Supreme Court, Trial Term, Bronx County
Jul 10, 1946
187 Misc. 698 (N.Y. Sup. Ct. 1946)

Opinion

July 10, 1946.

John J. McNaboe for plaintiff.

Harry Sacher for defendant.



Motion to set aside a verdict for the plaintiff in an action for slander and to dismiss the complaint therein as insufficient in law.

The complaint charges that, at a time when this country was at war with Germany, the defendant called the plaintiff: "The agent of Fascism in America today" and "The agent of Hitler in America"; that these statements were made of the plaintiff "as an individual and as a candidate for public office" (i.e., for Congress); and that, as a result, he was injured and damaged in his good name and reputation. The complaint does not plead an innuendo; nor does it allege nor did the plaintiff prove special damages.

The case was submitted to the jury on the theory that the words spoken were actionable per se, in that they falsely imputed to the plaintiff not only the commission of a crime but also unfitness for public office. In this connection, the jury were instructed that the plaintiff was not entitled to a verdict, unless they found that the defendant intended to charge the plaintiff with crime and the bystanders so understood the imputation, and unless they found that the defendant intended to charge that the plaintiff was unfit for public office and the bystanders so understood the imputation (see Kegerreis v. Van Zile, 180 A.D. 414, 417). And there being no proof of special damages, the jury were told that, where the defamatory words are deemed actionable per se, injury and damage are presumed, and that they may award nominal, compensatory or exemplary damages. The jury brought in a verdict for nominal damages.

(1) It is contended that error was committed in submitting the case to the jury on the theory that the words spoken imputed to the plaintiff the commission of a crime. It is argued that, as the complaint did not, by failing to plead an innuendo, specify the crime which the defendant intended to impute to the plaintiff, the complaint was fatally defective.
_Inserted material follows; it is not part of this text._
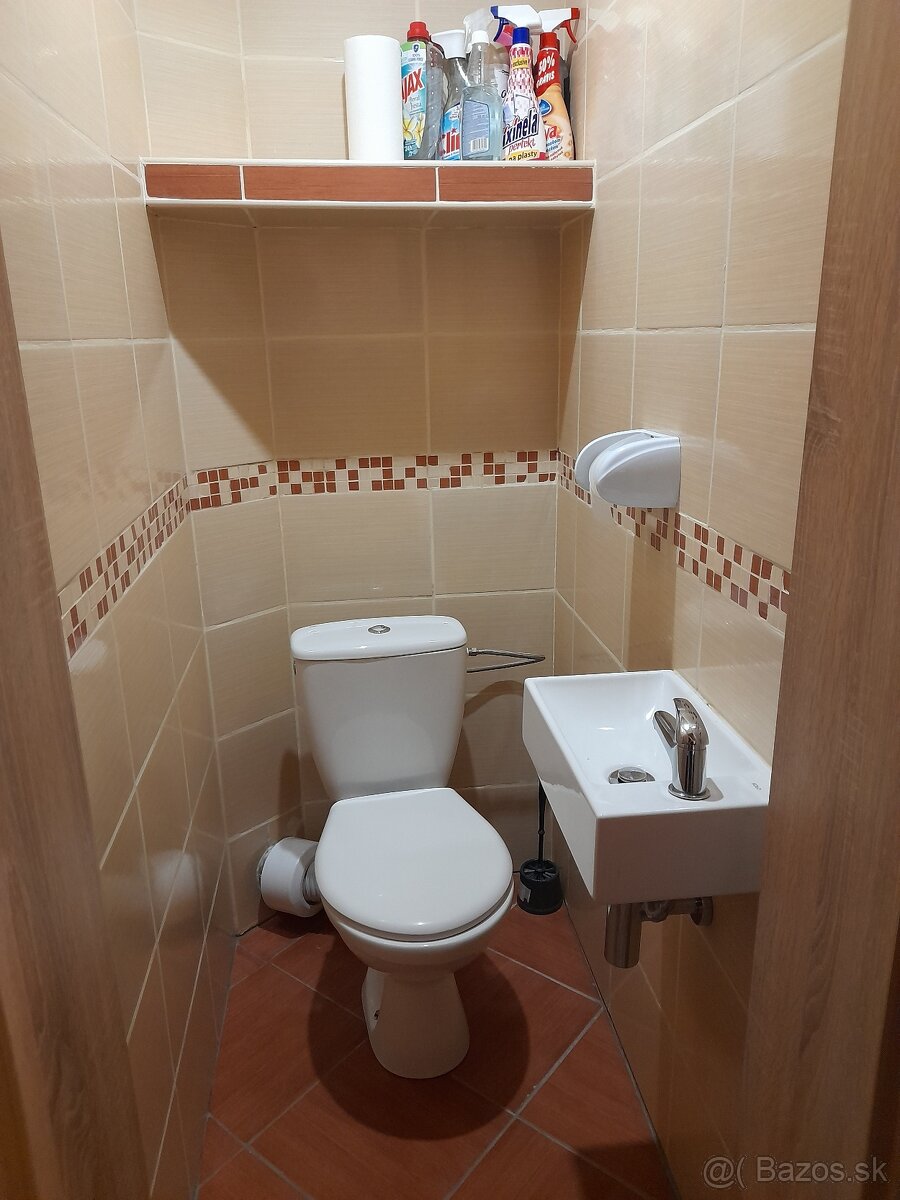 Rodinný dom (2 bytove jednotky) Vitanová - 6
But the office of an innuendo is merely to construe and explain the meaning of the words spoken and to show that they were used in a defamatory sense. The innuendo cannot change, enlarge, extend or add to the sense in which the words were used, or to impute to them a meaning which they do not warrant or fairly imply. Accordingly, where the spoken words are actionable per se, no innuendo is necessary. Nor is an innuendo necessary where the spoken words clearly impute the commission of a specific crime. However, where the words used require an allegation to explain their concealed or defamatory meaning, then an innuendo is essential ( Hays v. American Defense Society, 252 N.Y. 266, 269; Van Heusen v. Argenteau, 194 N.Y. 309, 312; Seelman on Libel and Slander, pp. 692-696). "Whenever the words require an innuendo to explain their meaning, it becomes necessary for the pleader to set forth in the innuendo the crime which the words impute." (Seelman on Libel and Slander, pp. 696-697.)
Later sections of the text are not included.